Borrow & Repayments

Borrowing

MemeLend enables users to borrow by leveraging their deposited assets as collateral. Here's how it works:

Collateral Requirement

  • To borrow, you must first supply assets and enable them as collateral. Only assets marked as collateral contribute to your borrowing power.

Borrowing Capacity (User-Level)

The amount you can borrow depends on:

  • The value of your collateral

  • The collateral factor assigned to each asset (how much borrowing power it provides)

Borrow Cap (Protocol-Level)

  • Each asset has a borrow cap, a protocol-wide limit on how much can be borrowed. This helps control risk and maintain liquidity.

Variable Interest Rates

  • Borrowers pay a floating interest rate, which adjusts dynamically based on supply and demand (the utilization rate of the asset).

Health Factor

  • The Health Factor indicates the relative safety of your borrowing position. It’s calculated based on:

    • The value of your enabled collateral

    • The borrowed amount, including accrued interest

    • The liquidation threshold of the collateral assets

  • To avoid liquidation, your Health Factor must be maintained above 1.0. A lower health factor increases the risk of partial or full liquidation.

A Health Factor > 1.0 means your position is safe. A Health Factor < 1.0 makes your position eligible for liquidation.

Repayments

MemeLend offers a flexible and transparent repayment process for borrowers:

Partial or Full Repayment

  • You can repay any portion of your borrowed amount at any time — there are no fixed terms.

Interest Accrual

  • Interest accrues continuously based on the variable rate, meaning your outstanding debt increases over time until repaid.

Same-Asset Repayment

  • Repayments must be made in the same asset you borrowed, including accrued interest.

Collateral Release

  • Once your debt is repaid, any unused collateral becomes available for withdrawal—provided it's not securing other loans.

Interest Rate Model

The Dual Curve System

MemeLend uses a Dual Curve Interest Rate Model to dynamically adjust borrowing rates based on asset utilization. This model is designed to balance capital efficiency and risk management.

Optimal Utilization Rate

  • A target utilization point where capital is efficiently used without compromising liquidity. This rate is set individually for each asset.

Two Interest Rate Curves

  • First Curve (Up to Optimal Utilization)

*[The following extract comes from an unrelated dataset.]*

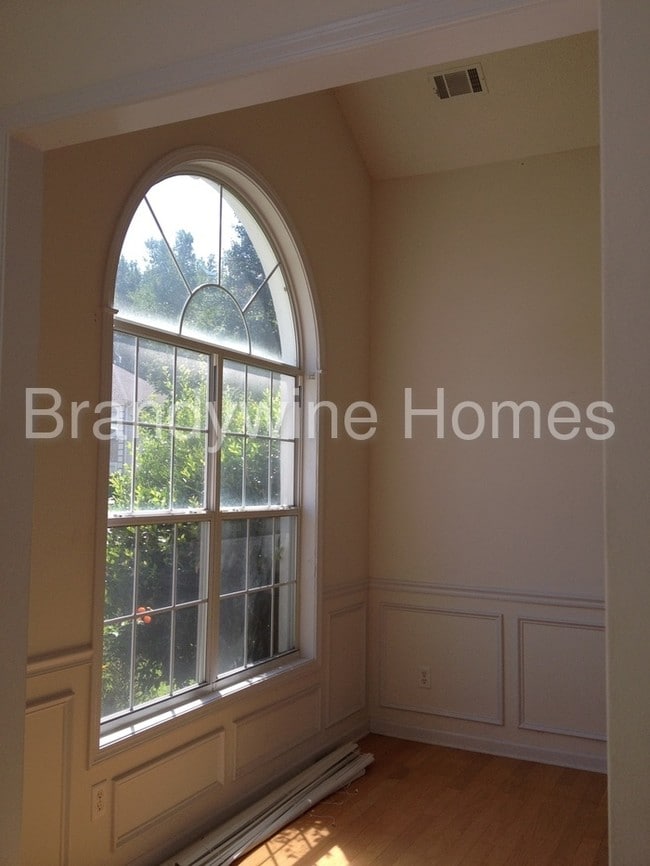 Building Photo - 4652 Garden City Dr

  • Second Curve (Beyond Optimal Utilization)

Utilization Range
Rate Behavior
Purpose

Below Optimal Rate

Gradual increase

Encourage borrowing while liquidity is ample

Above Optimal Rate

Sharp increase

Prevent liquidity exhaustion & reduce risk

Dynamic Adjustment

  • Rates automatically adjust in real time based on each asset’s utilization rate.

Asset-Specific Parameters

  • Each asset has custom parameters, such as optimal utilization point and curve steepness, tailored to its volatility, liquidity, and market behavior.

Why It Matters

Encouraging Liquidity

  • Higher utilization leads to higher yields for suppliers.

Mitigating Risk

  • Sharp rate increases beyond optimal levels help prevent liquidity shortages and protect the protocol.

Note: Understanding this model can help you optimize borrowing and supplying strategies based on real-time market conditions.

Final Reminder

Borrowing in DeFi involves inherent risk. Always monitor your Health Factor, maintain safe collateral ratios, and stay informed about market changes to avoid liquidation.